The event was timely, as that night in Houston, where a similar P0lo and Athlete Ally event is scheduled to take place on Nov. 12, a vote was up on the Houston Equal Rights Ordinance, which would’ve secured nondiscrimination protection to LGBT people. It was ultimately rejected.
In addition to some early holiday shopping — Quinn advertised the gifting value of the brand’s cable knits — the big seller of the night was a black Polo Sport baseball hat, all proceeds of which went to Athlete Ally. Ten percent from all the other sales that night went to the five-year-old organization.
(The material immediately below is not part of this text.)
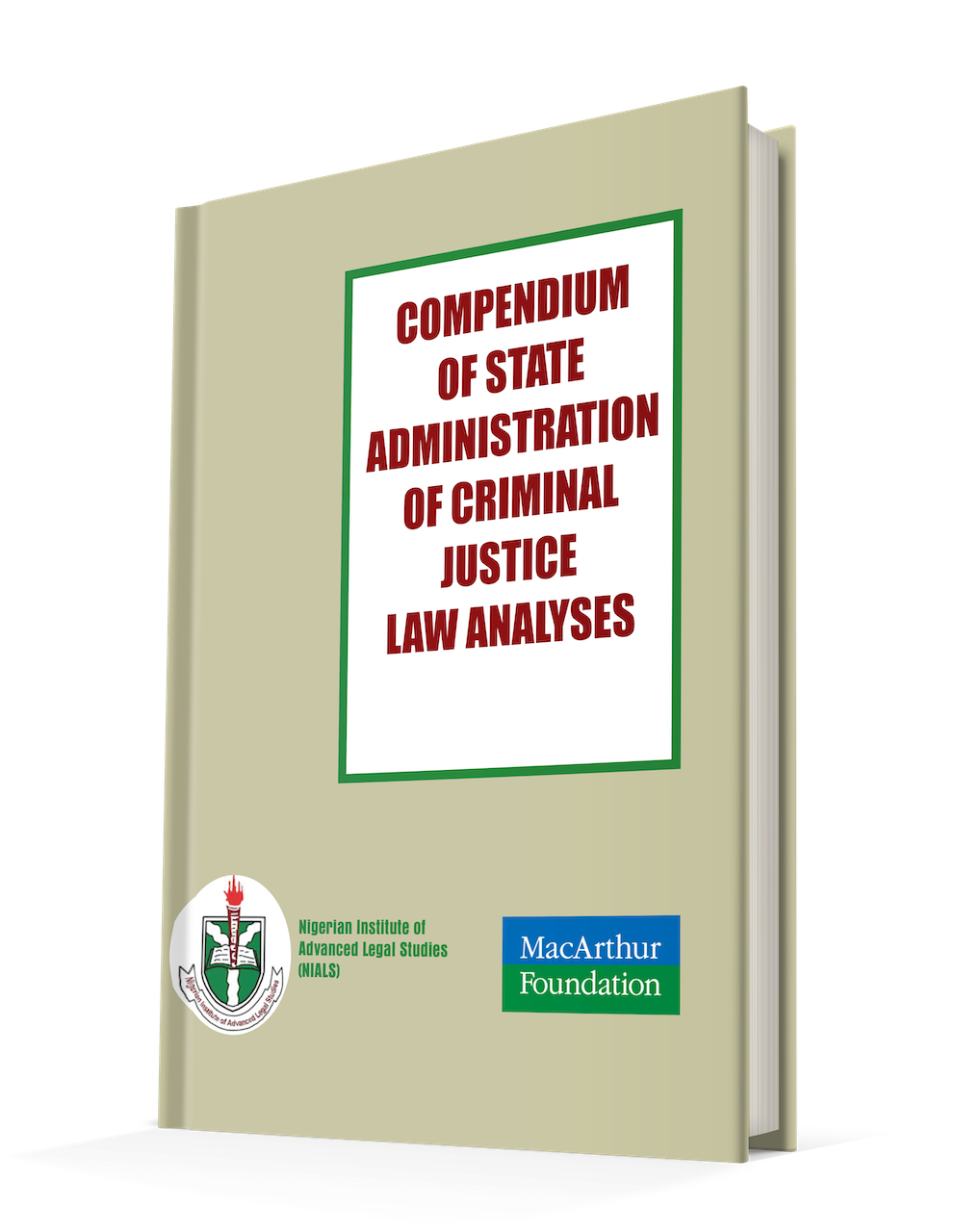 Compendium Of State Administration Of Criminal Justice Law Analyses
“If we are serious about ending all forms of discrimination, and ending anti-LGBT bullying and discrimination, then it cannot just be the responsibility of those who are impacted by oppression who shoulder the responsibility of ending it,” said Hudson Taylor, founder of Athlete Ally and former All-American wrestler at the University of Maryland. Taylor first spoke out as an ally by wearing a sticker during a wrestling match, and afterward he received more than 200 e-mails from closeted athletes thanking him. “If a wrestler could get 200 e-mails from wearing a sticker,” Taylor said, “imagine if I had been a football player.”